The Third Man: Life at the Heart of New Labour
- Author: Peter Mandelson
- Subject: Politics of the United Kingdom
- Publisher: Harper Press
- Publication place: United Kingdom
- Published in English: 15 July 2010
- ISBN: 978-0-00-739528-6

= The Third Man: Life at the Heart of New Labour =

2010 memoir by Peter Mandelson

The Third Man: Life at the Heart of New Labour, published in July 2010, is the memoir of Peter Mandelson, former senior government minister and confidant in the New Labour governments of both Tony Blair (1997–2007) and Gordon Brown (2007–2010).

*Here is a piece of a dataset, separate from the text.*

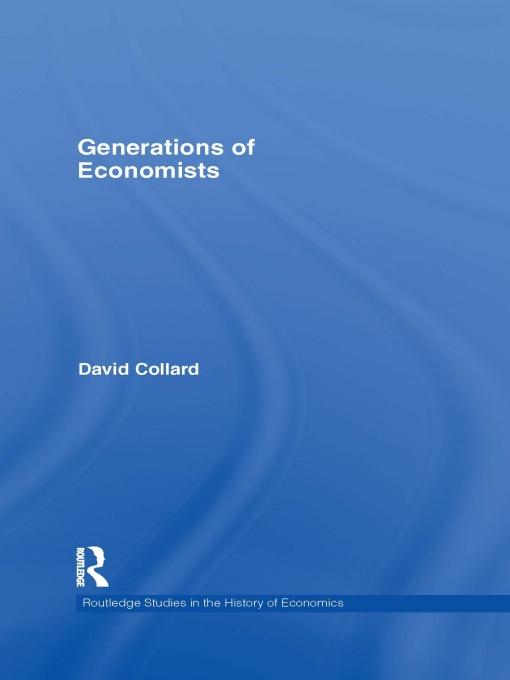 Generations of Economists by David Collard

It was reported that Tony Blair was "livid" by some of the disclosures and in particular the claim in the book that he (Blair) once called Gordon Brown "mad, bad and dangerous".

In the week prior to publication extracts were serialised in The Times.

==Summary==
As an autobiography of Peter Mandelson, Mandelson's past is explored from his early days as a child and how his grandfather Herbert Morrison as a Labour politician cast a shadow over his life. After spending his early years at the University of Oxford and in Africa, he returns to the UK to find the Labour Party in shambles.

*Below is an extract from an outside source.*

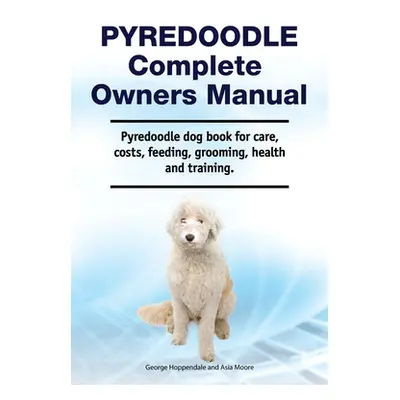 "Pyredoodle Complete Owners Manual. Pyredoodle dog book for care, costs, feeding, grooming, heal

Joining Labour in his famous media role, Mandelson details Labour's electoral collapse of 1983, the gains of 1987, the disappointment of 1992, and finally the success of 1997, while managing a divided relationship between Blair and Brown. Controversy that surrounded him after he took a position was detailed, including his exit out of Britain to join as a commissioner of the European Union. Twice fired, Mandelson returns from his European role to assist Labour in the run up to the 2010 election to give his party a final fighting chance.